# [What you have to do]
Return all the data below as it stands, minus the pictures.

# [Collected material]
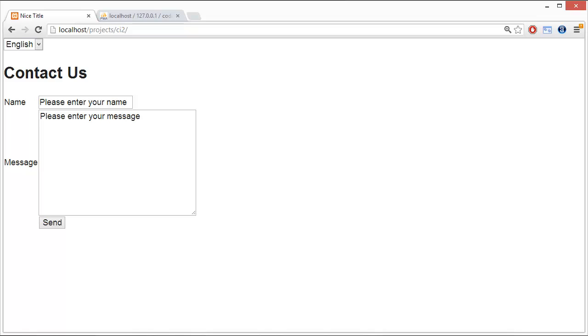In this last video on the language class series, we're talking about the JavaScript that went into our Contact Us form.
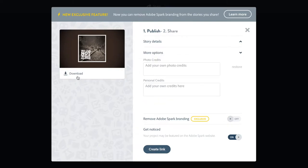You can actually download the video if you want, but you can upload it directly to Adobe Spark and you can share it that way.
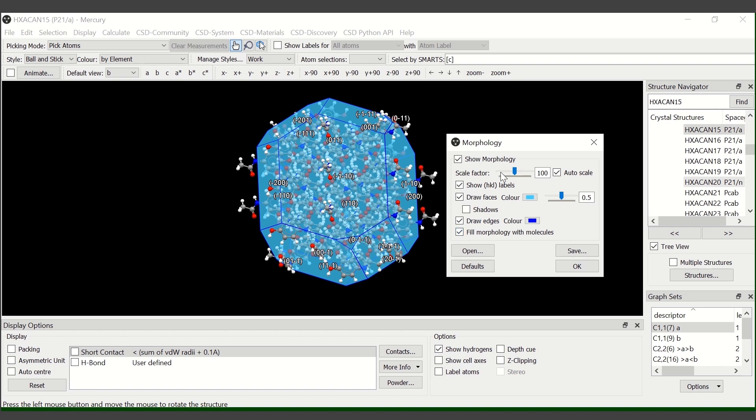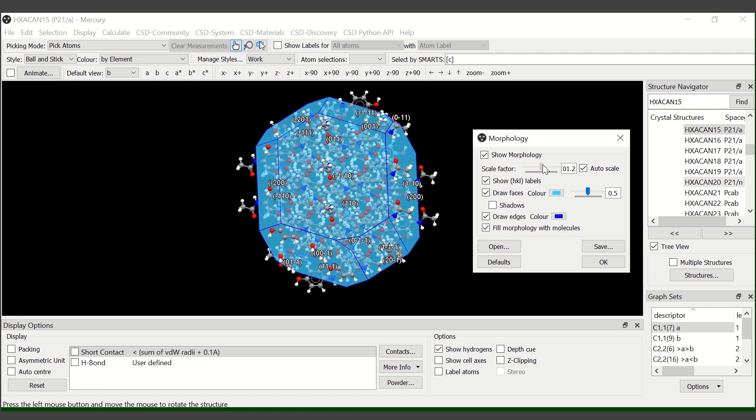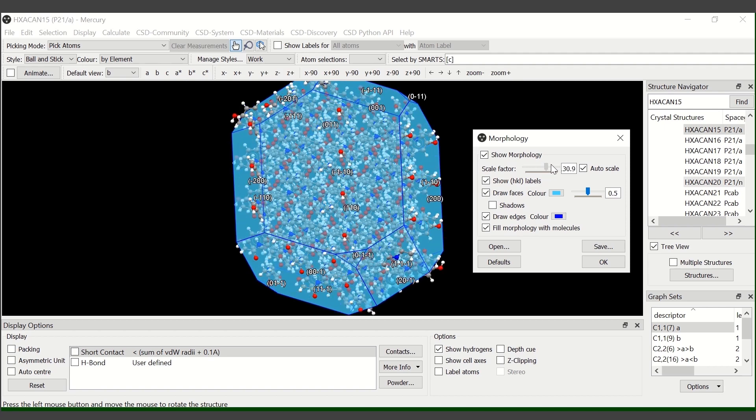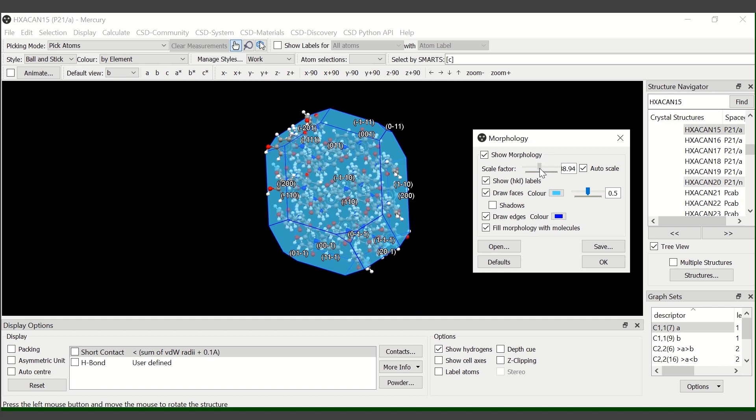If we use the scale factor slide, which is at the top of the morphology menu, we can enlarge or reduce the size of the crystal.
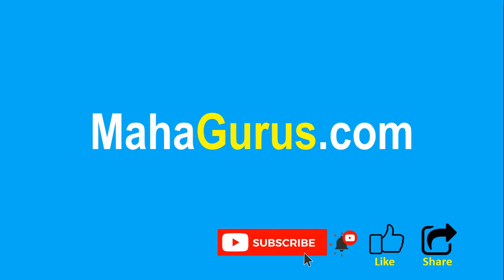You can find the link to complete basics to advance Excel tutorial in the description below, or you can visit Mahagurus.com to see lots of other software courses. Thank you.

# [Problem solution]
In this last video on the language class series, we're talking about the JavaScript that went into our Contact Us form.
You can actually download the video if you want, but you can upload it directly to Adobe Spark and you can share it that way.
If we use the scale factor slide, which is at the top of the morphology menu, we can enlarge or reduce the size of the crystal.
You can find the link to complete basics to advance Excel tutorial in the description below, or you can visit Mahagurus.com to see lots of other software courses. Thank you.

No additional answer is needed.